What the task asks
Return only the lines below starting at the line containing "Harga Hewan Kurban di..." and ending at the line containing "Jilly the Border", both included, exactly as they are and with no pictures.

Records to process
——
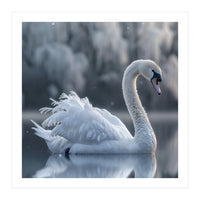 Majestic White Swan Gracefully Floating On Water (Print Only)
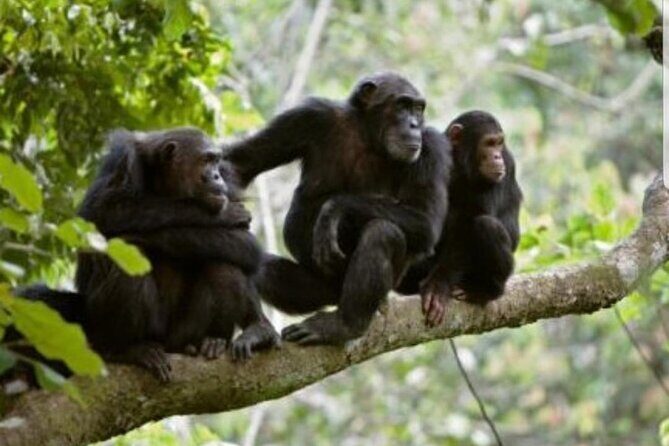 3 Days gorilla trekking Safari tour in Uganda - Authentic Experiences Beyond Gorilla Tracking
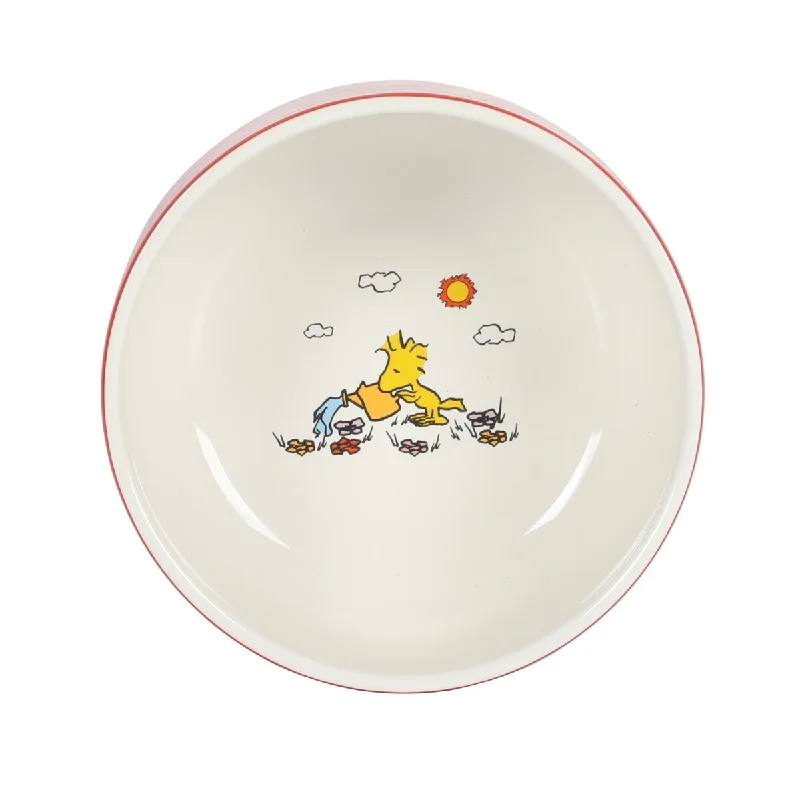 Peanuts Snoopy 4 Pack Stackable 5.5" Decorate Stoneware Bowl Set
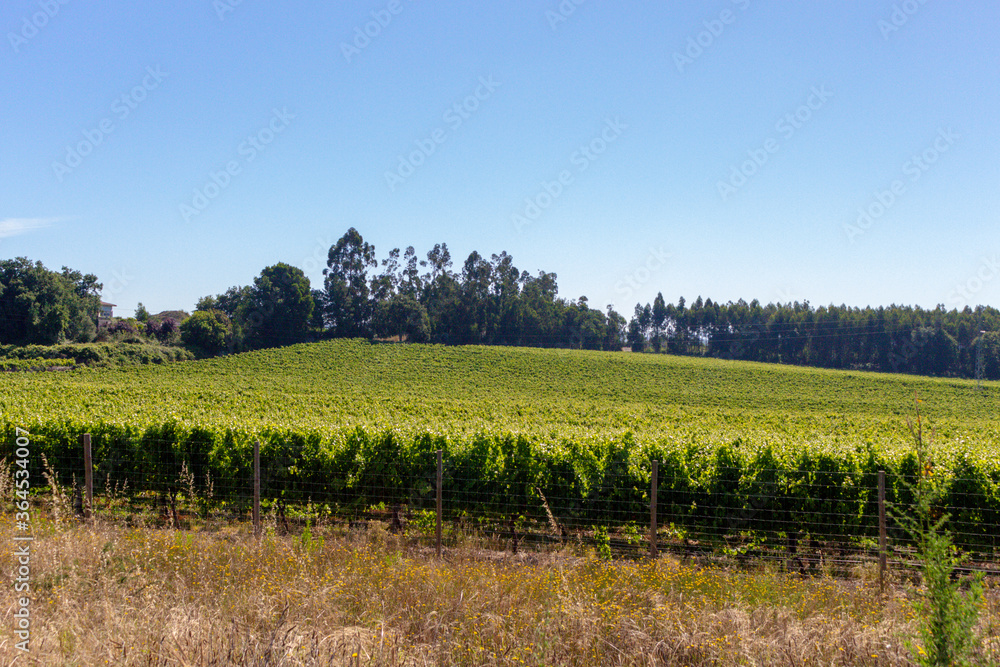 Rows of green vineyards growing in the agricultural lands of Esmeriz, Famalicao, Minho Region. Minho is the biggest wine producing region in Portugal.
——
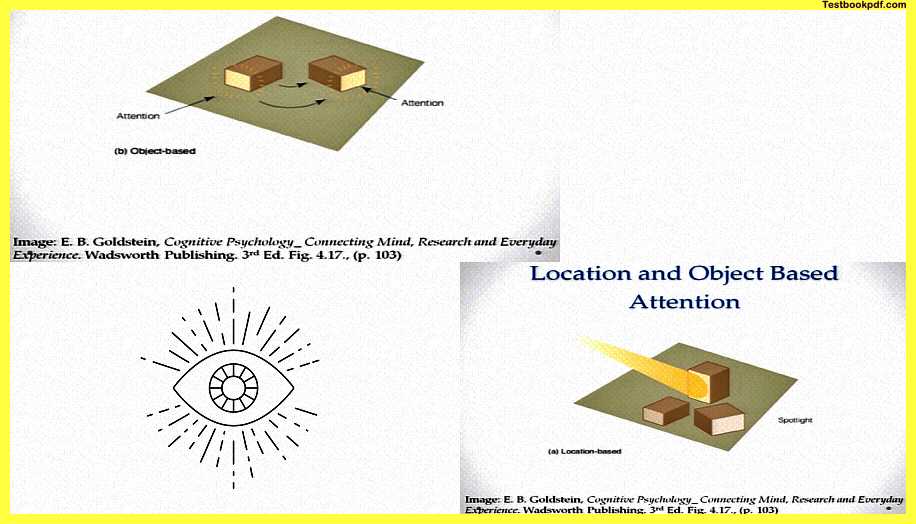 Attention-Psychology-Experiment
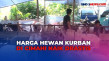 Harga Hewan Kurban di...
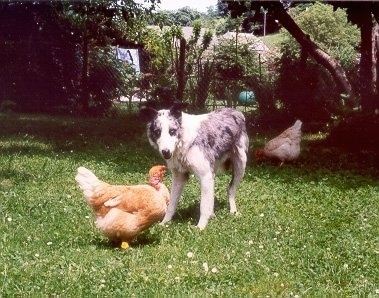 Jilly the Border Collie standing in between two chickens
——
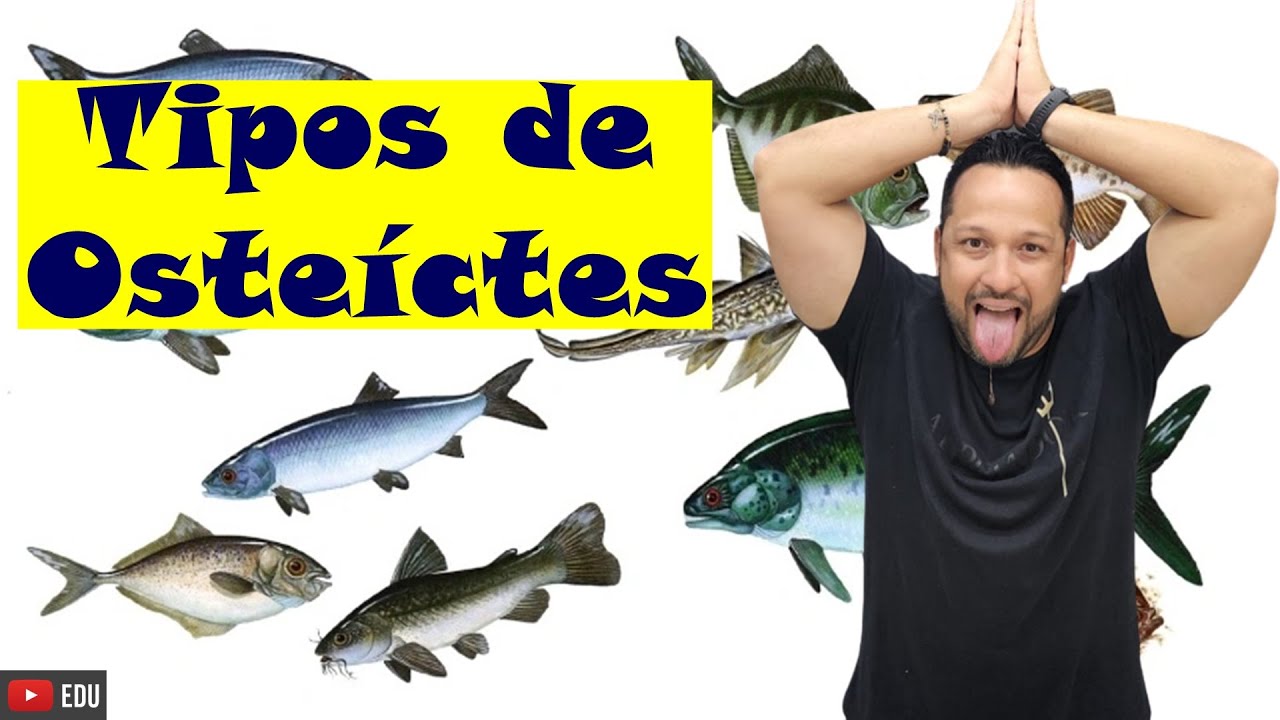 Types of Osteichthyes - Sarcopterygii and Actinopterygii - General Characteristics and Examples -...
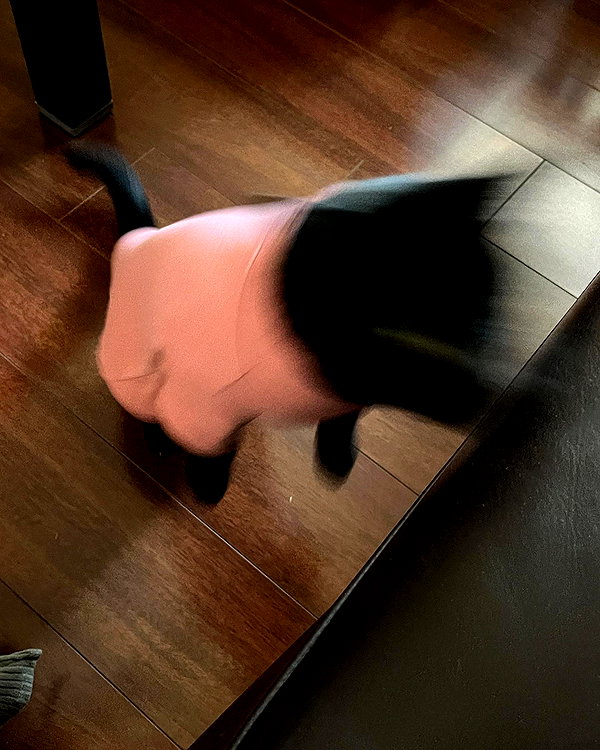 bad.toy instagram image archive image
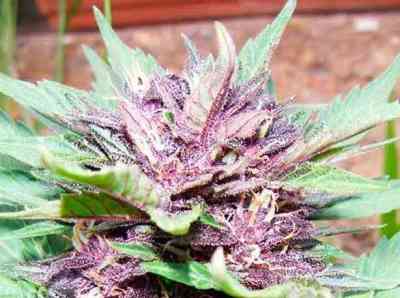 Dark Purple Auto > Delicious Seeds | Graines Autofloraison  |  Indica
——
Result of this exercise
 Harga Hewan Kurban di...
 Jilly the Border Collie standing in between two chickens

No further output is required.